Our 50 Years: The Best Restaurants of 1999
Twenty years later, nearly everything about our best restaurants list is different. But our picks for the best of 1999 hint at the great leap forward that was on the horizon.
Two decades seems like the appropriate time for a reflective look at the Best Restaurants of yesteryear. The list of 2009 would be at least somewhat similar to today’s; the version from 1989 may as well have been printed on papyrus: Ponderosa Steakhouse appears. More than once. And we would like to retroactively apologize for the category “Ethnic (Other),” which apparently included both Mexican and Indian.
By 1999, however, the signs of what was to come are evident. To be sure, Pittsburgh’s dining scene was still in search of its footing before the turn of the millenium; the scattershot results of the editors’ selections indicates the city’s food culture was less a proper scene and more a selection of admirable chefs and restaurants rising above the fray. The readers’ poll results support that theory; while some fine restaurants caught readers’ attention, their selections also include the likes of Don Pablo’s Mexican Kitchen, Olive Garden and Pizza Hut.
A number of threads linking that year’s Best Restaurants list to this year’s are evident. The most obvious may be the ascendance of a still-young restaurant family by the name of big Burrito. In 1999, the group’s Soba took home a pair of awards: “Contemporary Casual Restaurant of the Year” and the “Delicious Design Award.” The restaurant, which opened in 1997, was already working to improve. “Corporate chef Bill Fuller moved in to turn the place around,” we wrote, “revamping the menu, procuring better product and upgrading the kitchen staff, which now runs on high voltage.”
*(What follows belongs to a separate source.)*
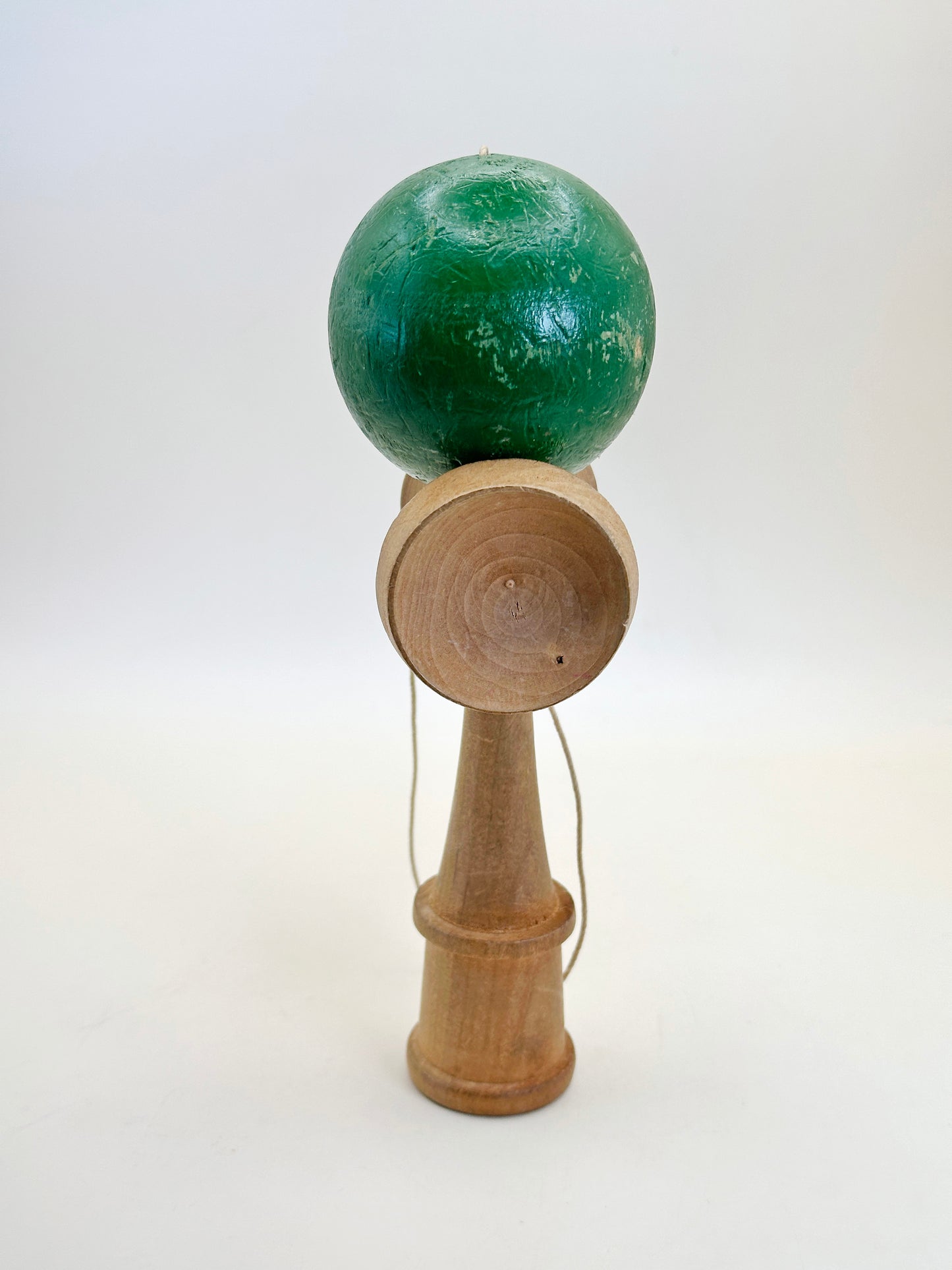 K20119 - Japanese folk craft toy Kendama けん玉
The big Burrito accolades weren’t limited to Soba; Chef Lon Durbin, a well-traveled veteran, had recently taken over at Casbah, earning him the “Best New Chef” title. Casbah remains on the Best Restaurants list today, as does big Burrito’s Eleven; Kaya and Casbah have homes on our Essential Restaurants list, as well.
Those ascendant restaurants couldn’t shake an eight-year grip on our “Restaurant of the Year” award, however; that accolade was claimed by Baum Vivant, the longtime home of chef Toni Pais, from 1995 through 2002. Baum Vivant’s day-to-day chef at the time, Carl Lashley, said this of his boss: “I could have traveled around the world, but working here with Toni, the world came to me.” Pais would continue mentoring young talent, including current Dinette chef/owner Sonja Finn — the start of a family tree that has branches in kitchens throughout the city. Pais’ current flagship, Cafe Zinho, is a Best Restaurant today (and one of our Essential Restaurants).
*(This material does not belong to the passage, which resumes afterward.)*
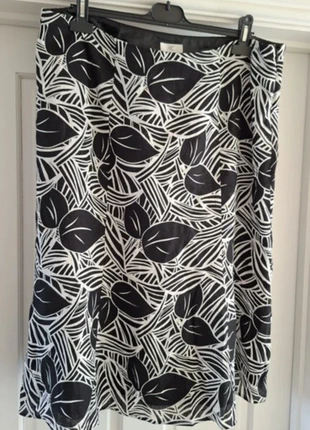 Ladies skirt - size 18, brand: CC Fashion, condition: Very good, size: XXXL / UK 28-30, £3.00, £3.85 includes Buyer Protection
And, in good news, by 1999 we had dropped categories like “Ethnic (Other)” from consideration. By the end of the 21st century, we instead had “Other European” and “Other Asian,” so … at least we could sort by continent?
In any case, I asked my fellow associate editor and our venerable food critic, Hal B. Klein, what he sees in comparing the ’99 list to the latest version.
“We have broadened the scope of inclusivity about what should be a best restaurant,” Klein says. “The restaurants that we have are outstanding examples of what they do, rather than just falling into the trope that fine dining is best.”